Input for this task
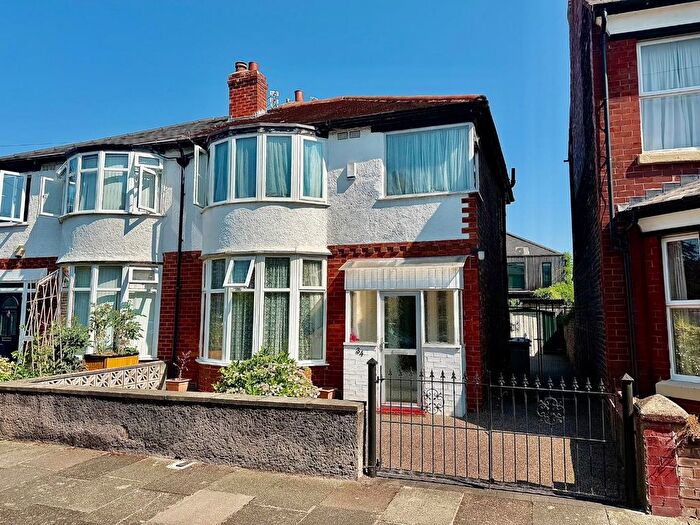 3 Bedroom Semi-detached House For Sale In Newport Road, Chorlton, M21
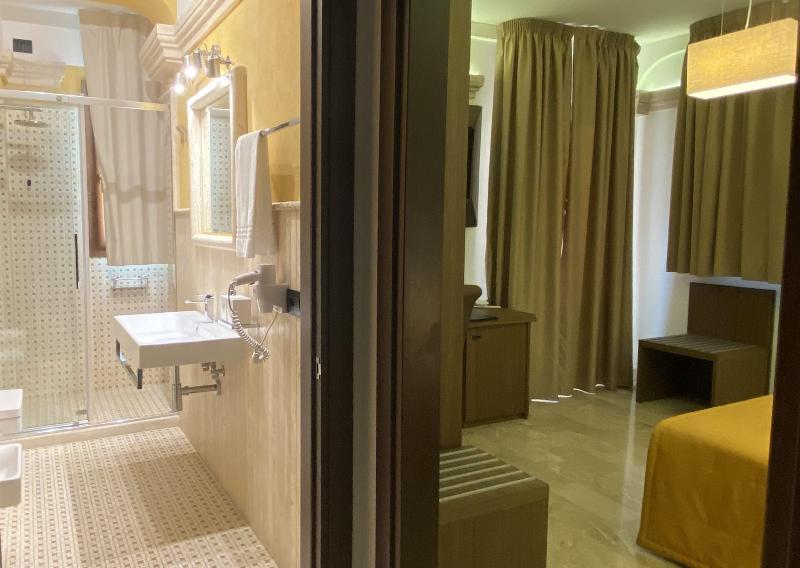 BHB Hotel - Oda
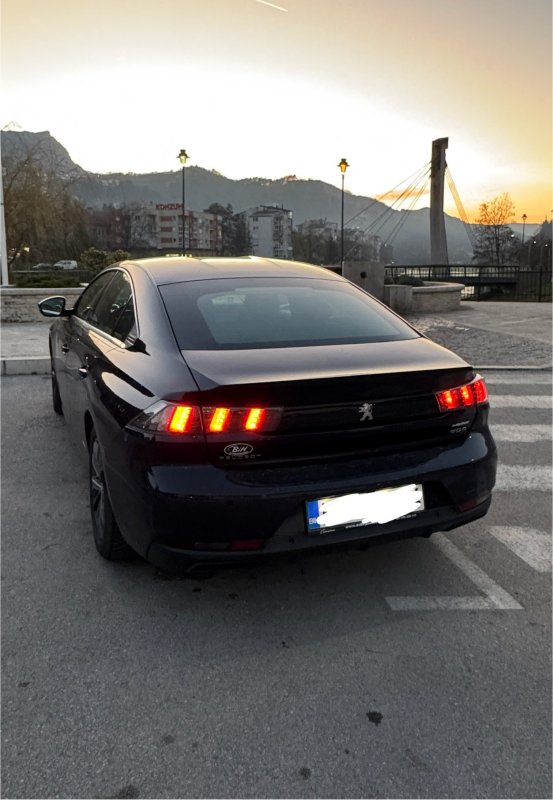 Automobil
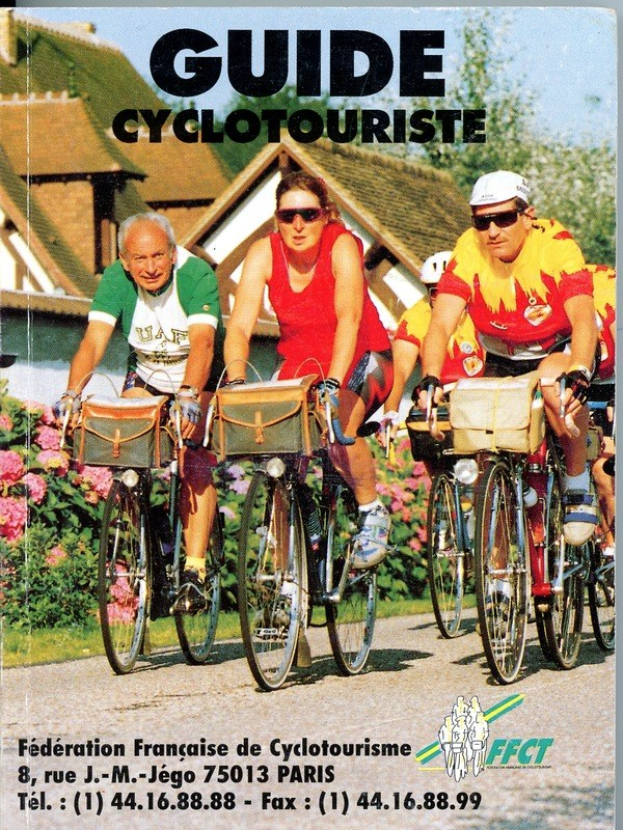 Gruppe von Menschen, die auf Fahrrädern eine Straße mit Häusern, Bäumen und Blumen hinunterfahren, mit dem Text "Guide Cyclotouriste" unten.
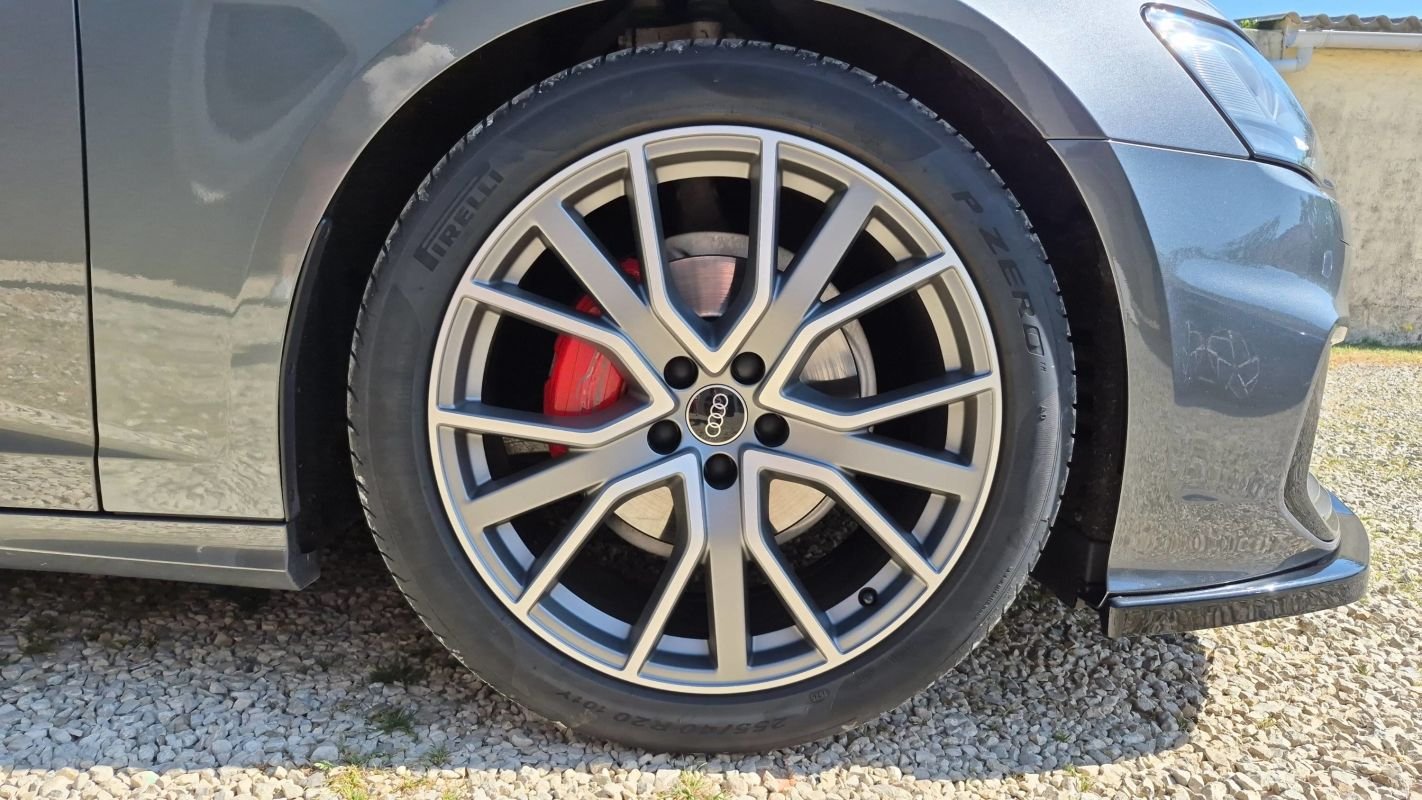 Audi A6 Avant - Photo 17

---

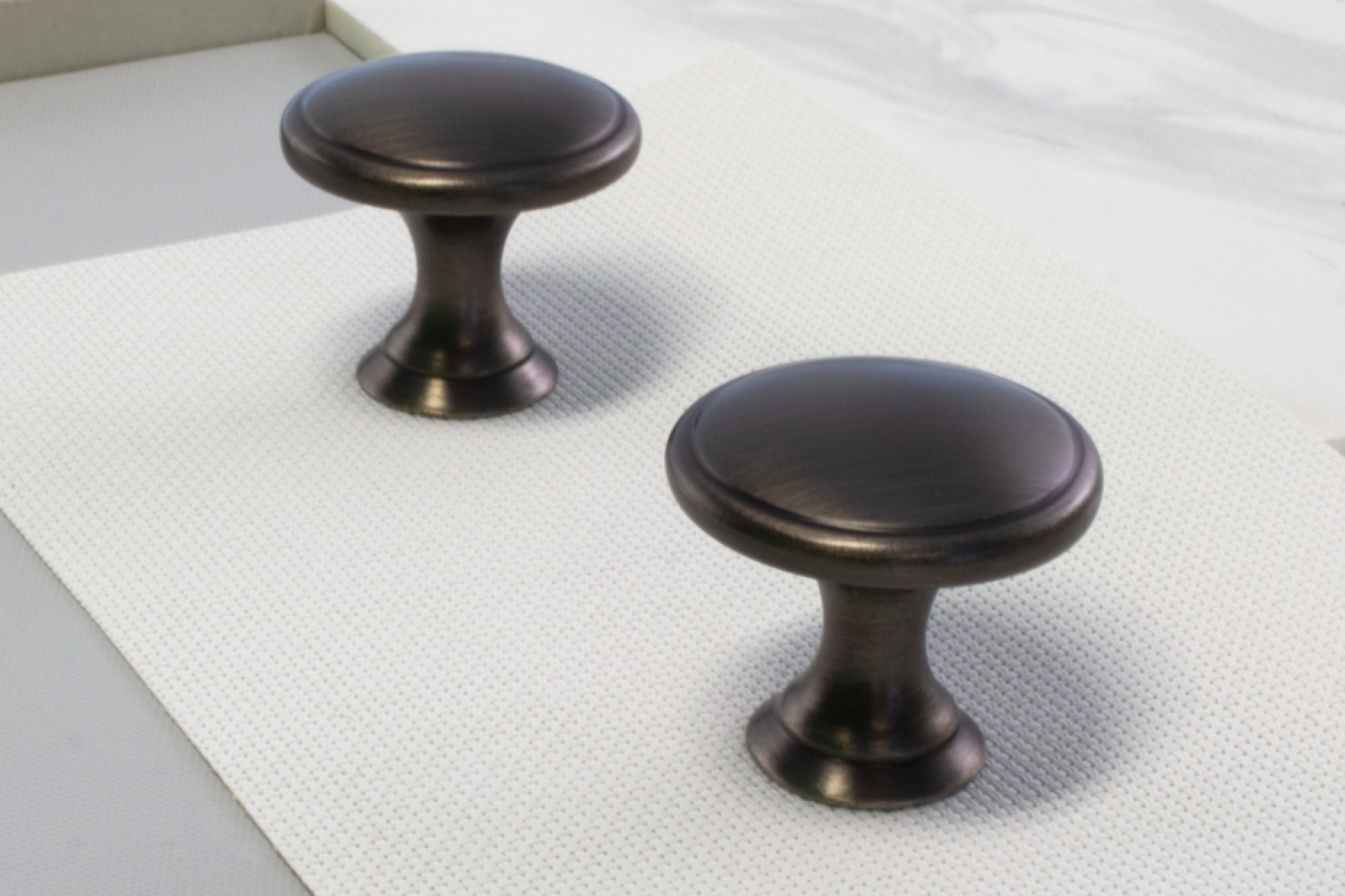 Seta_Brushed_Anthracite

Task details
Please copy the lines above exactly, starting at the line that holds "Gruppe von Menschen, die" and ending at the line that holds "Audi A6 Avant - Photo 17"; include both, but no pictures.

Result below
 Gruppe von Menschen, die auf Fahrrädern eine Straße mit Häusern, Bäumen und Blumen hinunterfahren, mit dem Text "Guide Cyclotouriste" unten.
 Audi A6 Avant - Photo 17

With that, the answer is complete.